The facts of the Alarape case are as follows;

The Appellants were mother and son, and Nigerian nationals. They arrived in the UK illegally in 2001. In 2003, the first appellant married Mr. Salama, a French national, so the first and second appellants were given permission to reside until 2009. The couple then divorced in 2010.  Subsequently, the appellants applied for permission to reside based on the fact that Mr. Salama was exercising his EU Treaty Rights by working for 5 years. 

The second appellant is a student who intends to commence a course in PhD studies in Edinburgh.

The First Tier Tribunal (FTT) found that Mr Salama was not exercising his EU Treaty Rights because he had only produce evidence of employment from 2004-2006. The appellants therefore received a negative decision but they received permission to appeal

The findings made by the Upper Tribunal were as follows;

-          Mr. Salama hadn’t been exercising EU Treaty Rights, so there’s no error in law there. They don’t qualify for any of the protections of non-EU family members in the event of a divorce because he hadn’t been working.

-          Even though the son is over 21 and isn’t the child, but the step-child of Mr. Salama, his rights are recognized under Article 12 to have his education.

-          The FTT is unable to determine whether or not the first appellant is his “primary carer,” because there is no clear definition of primary carer. They enjoy a close relationship and he is financially dependent on his mother, but he lives in another city, is now 25, is healthy and able-bodied, and has entered into the labour market on his own before.

Queries of law referred to the Court of Justice:

-          For a parent to qualify as a “primary carer” so as to derive a right of residence from a child over 21 exercising a right of access to education under Article 12 Regulation No. 1612/68 [see now Article 10 Regulation (EU) No. 492/2011], is it necessary for that child to be (i) dependent on such a parent; (ii) residing in that parent’s household; and (iii) receiving emotional support from that parent?

-          In order to qualify for such a derived right of residence it is unnecessary for a parent to show that all three of the above circumstances obtain, is it sufficient to show that only one obtains or that only two obtain?

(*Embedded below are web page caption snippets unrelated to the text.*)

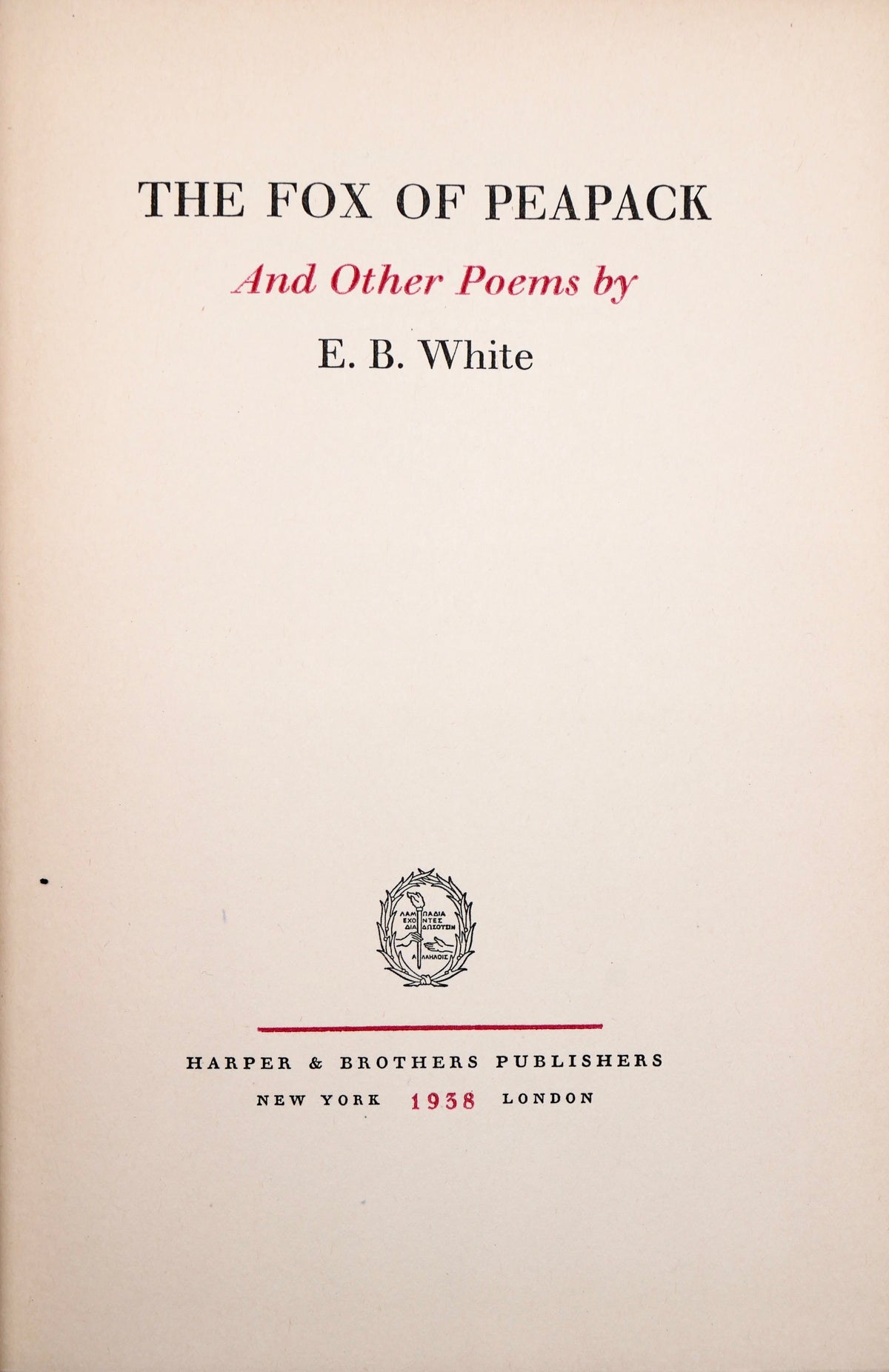 The Fox of Peapack and Other Poems — E. B. White — Harper & Brothers, 1938, in Dust Jacket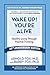 Wake Up! You're Alive: Heal...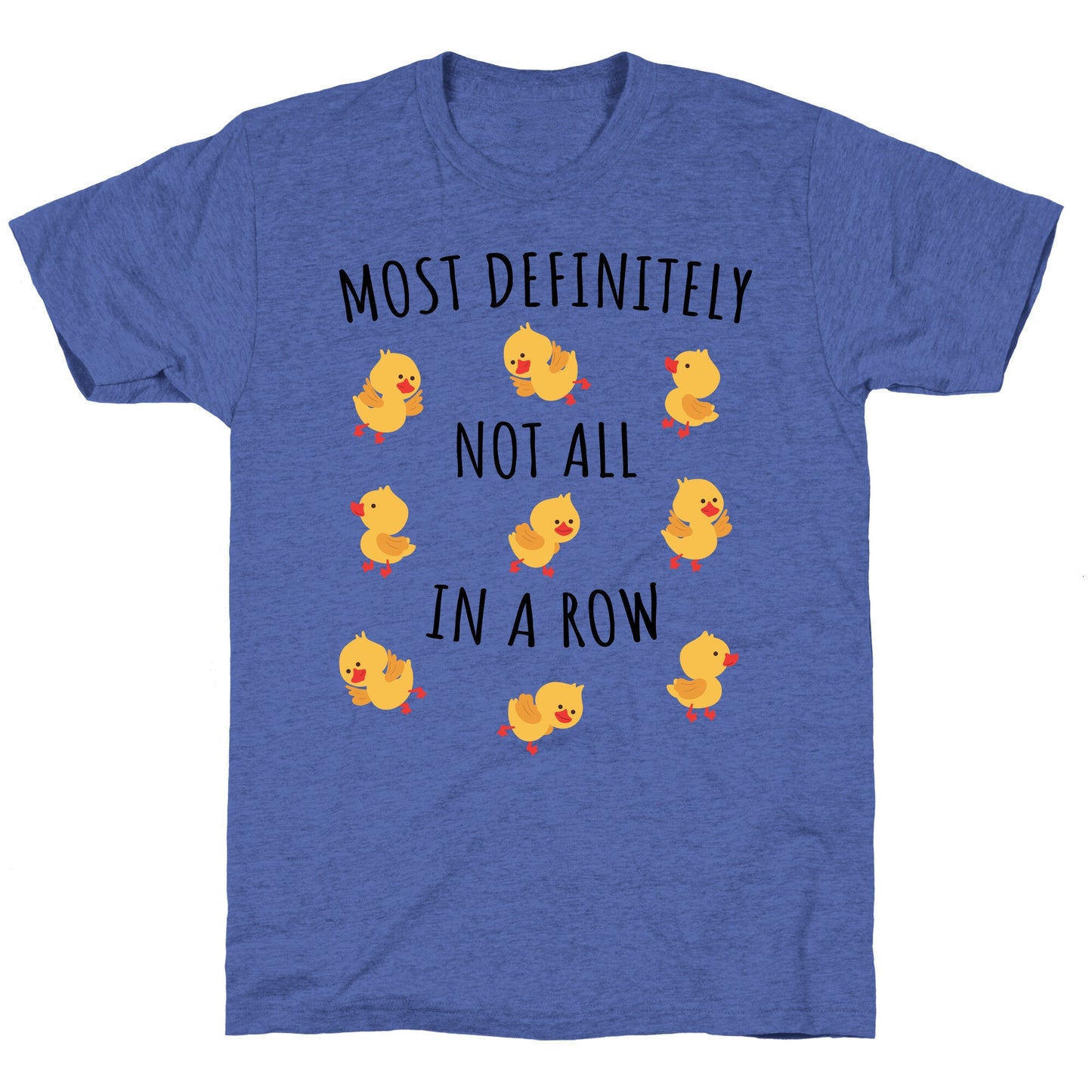 Not All In A Row Unisex Triblend Tee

-          In relation to (ii) above, can there continue to be residence on the part of an adult student child in a common household with his parent(s) even when the former is living away from home for the duration of his studies (save for holidays and occasional weekends)?

-          In relation to (iii) above, is it necessary for the emotional support provided by the parent to be of a particular quality (viz. close or physically proximate) or is it sufficient if it consists in a normal emotional tie between a parent and an adult child?

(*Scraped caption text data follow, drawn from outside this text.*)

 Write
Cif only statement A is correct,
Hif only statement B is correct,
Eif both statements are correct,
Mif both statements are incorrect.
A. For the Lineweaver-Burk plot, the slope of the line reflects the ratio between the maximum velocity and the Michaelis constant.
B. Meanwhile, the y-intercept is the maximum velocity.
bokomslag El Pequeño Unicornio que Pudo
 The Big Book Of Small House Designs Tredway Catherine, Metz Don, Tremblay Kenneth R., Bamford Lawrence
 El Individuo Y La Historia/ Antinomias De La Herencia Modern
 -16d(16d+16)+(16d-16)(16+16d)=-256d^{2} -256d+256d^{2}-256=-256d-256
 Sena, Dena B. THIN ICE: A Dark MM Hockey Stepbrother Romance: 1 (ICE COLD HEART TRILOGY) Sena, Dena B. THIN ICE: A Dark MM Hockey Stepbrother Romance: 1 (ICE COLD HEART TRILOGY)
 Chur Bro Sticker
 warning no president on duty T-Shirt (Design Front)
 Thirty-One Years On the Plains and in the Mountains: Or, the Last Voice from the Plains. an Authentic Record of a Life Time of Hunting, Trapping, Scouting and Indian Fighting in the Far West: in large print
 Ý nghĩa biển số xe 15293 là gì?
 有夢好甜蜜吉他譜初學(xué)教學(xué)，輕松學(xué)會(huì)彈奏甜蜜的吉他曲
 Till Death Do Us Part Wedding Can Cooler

-          Where a person has held an EU right of residence under Article 12 of Regulation No. 1612/68 [see now Article 10 Regulation (EU) No. 492/2011] for a continuous period of more than five years, does such residence qualify for the purposes of acquiring a right of permanent residence under Chapter IV of Directive 2004/38/EC (the Citizens Directive) on “Right of Permanent Residence”) and being issued with a residence card under Article 19 of the same Directive?